Use the sitemap-urls npm package to get all of your URLs from Webflow’s auto-generated sitemap. This will extract all the URLs and return them as an array that you can store.
Then you can use the sitemap npm package and feed it that array to generate multiple sitemaps. As you’ll see at the page for the package, it does support more than 50k URLs. Here’s an example code snippet:
const sms = new SitemapAndIndexStream({
limit: 50000, // defaults to 45k
lastmodDateOnly: false, // print date not time
// SitemapAndIndexStream will call this user provided function every time
// it needs to create a new sitemap file.

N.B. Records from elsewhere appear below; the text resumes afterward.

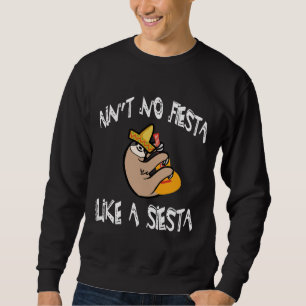 Sweatshirt Ain No Fiesta Comme Siesta Drôle Sloth Cinco De M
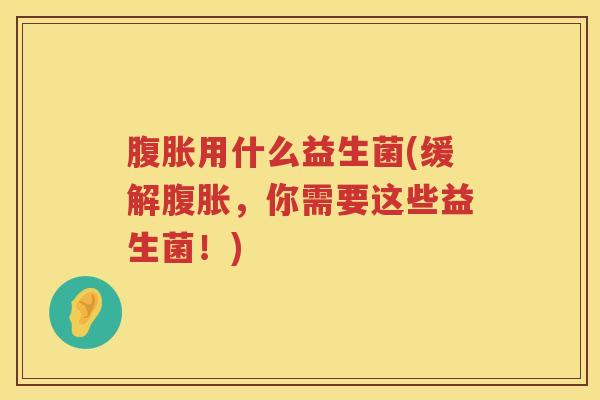 腹胀用什么益生菌(缓解腹胀，你需要这些益生菌！)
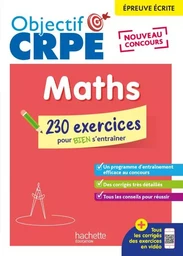 Objectif CRPE 2025 - Maths - 230 exercices pour bien s'entrainer - épreuve écrite d'admissibilité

You merely need to return a stream
// for it to write the sitemap urls to and the expected url where that sitemap will be hosted
getSitemapStream: (i) => {
const sitemapStream = new SitemapStream({
hostname: "https://example.com",
});
// if your server automatically serves sitemap.xml.gz when requesting sitemap.xml leave this line be
// otherwise you will need to add .gz here and remove it a couple lines below so that both the index
// and the actual file have a .gz extension
const path = `./sitemap-${i}.xml`;
const ws = sitemapStream
.pipe(createGzip()) // compress the output of the sitemap
.pipe(createWriteStream(resolve(path + ".gz"))); // write it to sitemap-NUMBER.xml
return [
new URL(path, "https://example.com/subdir/").toString(),
sitemapStream,
ws,
];
},
});
As you’ll see in the example above, if you set the limit to 50k, then it will default to 45k just to ensure you don’t break any limits.
Once your sitemaps are created, you can use the proxy you’re building for 301s to proxy this sitemap into place and then update Google Search Console with the new sitemap address.
With our API v2, we have a Pages API which would allow you to take a similar approach but instead of relying on the auto-generated sitemap, you could use the API. This would allow you to write logic to leave pages/items out of your map.
This approach would be similar. You would use the API to get a list of static pages, as well as your CMS items and then store them in an array. The URLs would be relative, so you may need to modify them as you store them by prepending your desired URL.
Now that you have a list of pages, you can use the same npm package (sitemap) and then feed it the list of URLs and let it generate multiple sitemaps that you can then proxy into place.
Once in place, you can use cron jobs to have these run on a regular basis to keep your sitemap up to date and the process should be fairly hands off.